Barber: a sideways-looking genius

Fri 13th August 2010

Far from being progressive, he reimagined musical gestures as they already existed. But, says Philip Clark, his music still sings

Samuel Barber (Photo: Tuller Potter Collection)

Samuel Barber: in love with the art of composition (Photo: Tuller Potter Collection)

For a Luigi Nono-loving, John Cage-worshipping advocate for the hardcore avant-garde – me, in fact – Samuel Barber, who would have celebrated his 100th birthday this year, ought to be purgatory. Until his death in 1981, he wrote defiantly neo-Romantic music, engaging with new-fangled techniques like atonality and polytonality only occasionally.

His explorations of atonality in Medea, the ballet he wrote in 1946 for Martha Graham, don’t convince; likewise jazz in Excursions and A Hand of Bridge sounds forced and self-consciously awkward, like watching your dad trying to breakdance at your 21st. But Barber never questioned the validity of producing his nostalgic, serene, orderly music during the most turbulent decades of the 20th century. He was joint-out-of-time, happy – proud even – to be reinventing wheels that had been spinning for centuries.

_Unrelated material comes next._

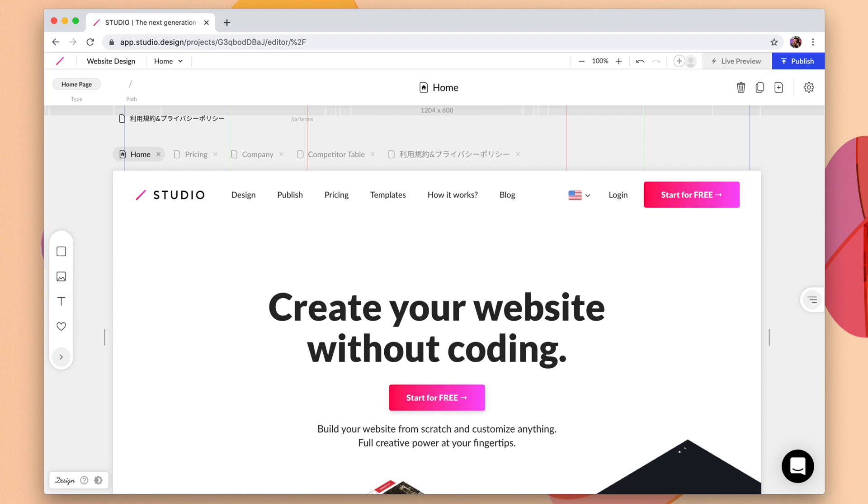When you're working with websites, many elements like the header and footer of a web page are reused throughout the website. This is where the symbols feature comes into play within Studio.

So why does Barber’s music keep me coming back for more? On this side of the Atlantic (as a British writer), disentangling Barber’s output from the cult surrounding his 1936 Adagio for Strings, which eclipses everything else he wrote, is not easy. Like Copland’s Fanfare for the Common Man, Gershwin’s Rhapsody in Blue or Ives’s The Unanswered Question, the Adagio has become a totem by which we judge American classical music in the UK. No surprise it was chosen to replace the usual pooterish diet of jolly jingoism at The Last Night of The Proms following the September 11th terrorist attacks. Its enduring emotional resonance has surely far outstripped anything Barber could have imagined, as though an unconscious, collective decision has been taken – think slow and mournful string music, think Barber.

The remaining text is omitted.